TASK MATERIAL:
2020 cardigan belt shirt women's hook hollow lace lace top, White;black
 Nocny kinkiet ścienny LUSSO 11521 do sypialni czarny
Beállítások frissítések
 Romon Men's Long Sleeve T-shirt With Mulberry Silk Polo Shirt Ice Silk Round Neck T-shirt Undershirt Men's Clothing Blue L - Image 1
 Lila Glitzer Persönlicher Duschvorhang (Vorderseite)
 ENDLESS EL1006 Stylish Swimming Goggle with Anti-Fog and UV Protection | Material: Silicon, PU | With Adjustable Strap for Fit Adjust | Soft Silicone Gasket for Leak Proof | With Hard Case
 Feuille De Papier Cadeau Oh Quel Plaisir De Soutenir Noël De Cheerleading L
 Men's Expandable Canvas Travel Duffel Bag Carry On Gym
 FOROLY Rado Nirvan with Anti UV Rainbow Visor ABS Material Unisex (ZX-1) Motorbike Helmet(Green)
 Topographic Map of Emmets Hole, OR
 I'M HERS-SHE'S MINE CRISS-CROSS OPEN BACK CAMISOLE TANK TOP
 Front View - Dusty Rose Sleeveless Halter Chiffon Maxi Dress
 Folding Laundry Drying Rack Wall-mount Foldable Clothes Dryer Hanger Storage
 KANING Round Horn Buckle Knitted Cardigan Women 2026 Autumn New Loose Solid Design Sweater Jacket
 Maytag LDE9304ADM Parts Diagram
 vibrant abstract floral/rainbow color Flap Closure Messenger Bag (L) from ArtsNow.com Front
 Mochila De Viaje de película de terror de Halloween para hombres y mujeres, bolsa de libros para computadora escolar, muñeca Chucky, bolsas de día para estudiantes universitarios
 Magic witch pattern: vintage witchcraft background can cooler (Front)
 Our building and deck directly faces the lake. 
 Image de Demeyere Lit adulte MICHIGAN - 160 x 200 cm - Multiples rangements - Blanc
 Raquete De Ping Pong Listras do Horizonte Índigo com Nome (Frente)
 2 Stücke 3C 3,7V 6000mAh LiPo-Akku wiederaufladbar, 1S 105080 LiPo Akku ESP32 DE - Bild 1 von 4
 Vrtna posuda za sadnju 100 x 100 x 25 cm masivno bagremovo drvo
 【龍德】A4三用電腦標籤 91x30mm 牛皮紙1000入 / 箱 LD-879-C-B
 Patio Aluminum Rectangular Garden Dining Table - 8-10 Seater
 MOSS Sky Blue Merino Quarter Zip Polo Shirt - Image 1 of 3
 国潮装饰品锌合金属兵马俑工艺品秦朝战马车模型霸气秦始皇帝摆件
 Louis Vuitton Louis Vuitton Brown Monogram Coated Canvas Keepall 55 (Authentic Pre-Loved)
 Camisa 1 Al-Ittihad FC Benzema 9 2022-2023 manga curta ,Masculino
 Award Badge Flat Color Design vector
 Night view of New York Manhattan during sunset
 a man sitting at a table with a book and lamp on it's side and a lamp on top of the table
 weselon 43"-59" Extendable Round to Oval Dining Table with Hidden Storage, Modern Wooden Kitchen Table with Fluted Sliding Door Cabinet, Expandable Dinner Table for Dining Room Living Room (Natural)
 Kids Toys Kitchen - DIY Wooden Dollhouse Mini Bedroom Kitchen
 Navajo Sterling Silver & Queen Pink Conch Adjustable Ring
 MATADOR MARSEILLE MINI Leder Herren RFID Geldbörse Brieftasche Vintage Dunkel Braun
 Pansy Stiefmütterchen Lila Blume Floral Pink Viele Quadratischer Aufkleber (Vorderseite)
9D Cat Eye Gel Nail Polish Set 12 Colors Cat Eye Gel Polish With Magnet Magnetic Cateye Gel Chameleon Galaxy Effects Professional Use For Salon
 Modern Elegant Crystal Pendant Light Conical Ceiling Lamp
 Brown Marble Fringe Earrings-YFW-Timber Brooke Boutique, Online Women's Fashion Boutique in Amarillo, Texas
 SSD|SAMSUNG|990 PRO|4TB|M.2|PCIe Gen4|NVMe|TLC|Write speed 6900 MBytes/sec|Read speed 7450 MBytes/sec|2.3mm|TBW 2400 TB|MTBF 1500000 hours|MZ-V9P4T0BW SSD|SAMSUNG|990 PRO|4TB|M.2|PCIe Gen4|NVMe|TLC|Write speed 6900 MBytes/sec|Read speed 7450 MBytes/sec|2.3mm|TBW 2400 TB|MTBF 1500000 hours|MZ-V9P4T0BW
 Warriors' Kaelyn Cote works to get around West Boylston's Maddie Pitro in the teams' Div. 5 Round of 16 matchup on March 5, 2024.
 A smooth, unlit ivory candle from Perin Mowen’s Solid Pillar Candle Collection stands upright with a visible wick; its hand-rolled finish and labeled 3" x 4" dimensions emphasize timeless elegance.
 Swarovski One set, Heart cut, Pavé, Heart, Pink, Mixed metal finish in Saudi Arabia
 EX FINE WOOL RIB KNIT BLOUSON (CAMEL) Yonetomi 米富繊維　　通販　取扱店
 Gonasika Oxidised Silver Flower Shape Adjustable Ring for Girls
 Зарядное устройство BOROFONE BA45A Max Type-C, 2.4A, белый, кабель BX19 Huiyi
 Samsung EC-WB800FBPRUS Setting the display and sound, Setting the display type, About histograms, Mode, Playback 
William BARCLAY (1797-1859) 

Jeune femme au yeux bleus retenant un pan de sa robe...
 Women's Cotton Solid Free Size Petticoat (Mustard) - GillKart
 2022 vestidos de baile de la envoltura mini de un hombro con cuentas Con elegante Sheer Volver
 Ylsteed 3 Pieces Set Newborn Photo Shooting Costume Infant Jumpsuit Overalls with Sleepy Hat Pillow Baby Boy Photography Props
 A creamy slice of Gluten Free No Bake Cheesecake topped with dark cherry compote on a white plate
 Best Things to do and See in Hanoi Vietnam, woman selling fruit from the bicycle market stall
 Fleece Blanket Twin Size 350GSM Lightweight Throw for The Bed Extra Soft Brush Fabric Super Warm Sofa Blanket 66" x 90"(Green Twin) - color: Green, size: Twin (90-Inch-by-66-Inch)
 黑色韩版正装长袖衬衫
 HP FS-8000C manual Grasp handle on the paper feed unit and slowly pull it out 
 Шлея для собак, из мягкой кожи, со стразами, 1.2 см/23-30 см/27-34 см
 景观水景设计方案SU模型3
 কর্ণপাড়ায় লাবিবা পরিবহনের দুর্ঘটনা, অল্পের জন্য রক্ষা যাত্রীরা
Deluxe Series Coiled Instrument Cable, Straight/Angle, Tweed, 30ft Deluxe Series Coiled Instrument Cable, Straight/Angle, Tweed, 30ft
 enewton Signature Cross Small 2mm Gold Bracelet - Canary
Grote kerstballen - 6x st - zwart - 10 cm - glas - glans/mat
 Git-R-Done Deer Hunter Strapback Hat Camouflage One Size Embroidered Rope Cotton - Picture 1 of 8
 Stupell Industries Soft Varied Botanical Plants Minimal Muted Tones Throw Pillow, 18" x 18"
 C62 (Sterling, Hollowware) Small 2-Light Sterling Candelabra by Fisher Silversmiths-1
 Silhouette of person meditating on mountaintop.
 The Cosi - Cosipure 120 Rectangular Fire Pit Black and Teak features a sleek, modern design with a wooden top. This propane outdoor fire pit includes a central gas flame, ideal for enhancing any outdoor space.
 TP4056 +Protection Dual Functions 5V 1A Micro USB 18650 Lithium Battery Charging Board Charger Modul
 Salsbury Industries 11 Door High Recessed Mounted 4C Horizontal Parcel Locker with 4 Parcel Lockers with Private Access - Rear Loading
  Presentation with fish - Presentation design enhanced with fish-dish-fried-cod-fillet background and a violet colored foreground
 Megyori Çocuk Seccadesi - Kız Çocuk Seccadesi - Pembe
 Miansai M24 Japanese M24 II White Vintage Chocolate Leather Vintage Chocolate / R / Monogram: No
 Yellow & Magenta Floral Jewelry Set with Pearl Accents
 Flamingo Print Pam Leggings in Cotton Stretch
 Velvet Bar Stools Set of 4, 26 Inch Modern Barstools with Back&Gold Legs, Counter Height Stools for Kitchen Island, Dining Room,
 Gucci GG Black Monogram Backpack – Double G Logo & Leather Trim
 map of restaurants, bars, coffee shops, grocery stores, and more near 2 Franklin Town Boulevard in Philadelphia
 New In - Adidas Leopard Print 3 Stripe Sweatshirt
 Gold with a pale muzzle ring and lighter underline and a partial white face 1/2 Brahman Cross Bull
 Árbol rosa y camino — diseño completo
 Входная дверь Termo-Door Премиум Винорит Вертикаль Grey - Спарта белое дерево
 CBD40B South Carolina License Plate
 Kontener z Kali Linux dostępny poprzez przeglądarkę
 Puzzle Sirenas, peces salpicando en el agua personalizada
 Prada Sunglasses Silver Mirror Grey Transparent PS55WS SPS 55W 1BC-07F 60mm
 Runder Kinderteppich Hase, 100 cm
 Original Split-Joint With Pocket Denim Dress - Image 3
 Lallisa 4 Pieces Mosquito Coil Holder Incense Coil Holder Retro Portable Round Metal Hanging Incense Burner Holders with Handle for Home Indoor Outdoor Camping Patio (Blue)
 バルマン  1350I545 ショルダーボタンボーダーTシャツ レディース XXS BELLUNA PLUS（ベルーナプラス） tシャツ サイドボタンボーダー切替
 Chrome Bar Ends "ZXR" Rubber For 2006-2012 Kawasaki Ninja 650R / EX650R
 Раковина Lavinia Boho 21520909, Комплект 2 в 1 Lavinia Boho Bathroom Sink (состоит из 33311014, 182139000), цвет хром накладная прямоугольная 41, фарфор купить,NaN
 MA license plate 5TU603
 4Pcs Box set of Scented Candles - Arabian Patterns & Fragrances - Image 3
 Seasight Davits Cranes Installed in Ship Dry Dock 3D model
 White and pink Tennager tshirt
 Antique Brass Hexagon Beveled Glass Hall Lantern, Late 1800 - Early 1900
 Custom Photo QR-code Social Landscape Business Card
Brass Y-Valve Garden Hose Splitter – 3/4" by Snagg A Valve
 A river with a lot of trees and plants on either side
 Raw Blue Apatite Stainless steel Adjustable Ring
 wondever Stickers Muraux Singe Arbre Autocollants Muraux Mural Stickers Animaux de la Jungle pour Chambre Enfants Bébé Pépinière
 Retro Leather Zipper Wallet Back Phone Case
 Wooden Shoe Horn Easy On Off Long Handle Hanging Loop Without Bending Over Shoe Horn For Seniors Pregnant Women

PROMPT: Lines above that include the string "Rectangular" need to be copied.

REPLY TO THE TASK:
 Patio Aluminum Rectangular Garden Dining Table - 8-10 Seater
 The Cosi - Cosipure 120 Rectangular Fire Pit Black and Teak features a sleek, modern design with a wooden top. This propane outdoor fire pit includes a central gas flame, ideal for enhancing any outdoor space.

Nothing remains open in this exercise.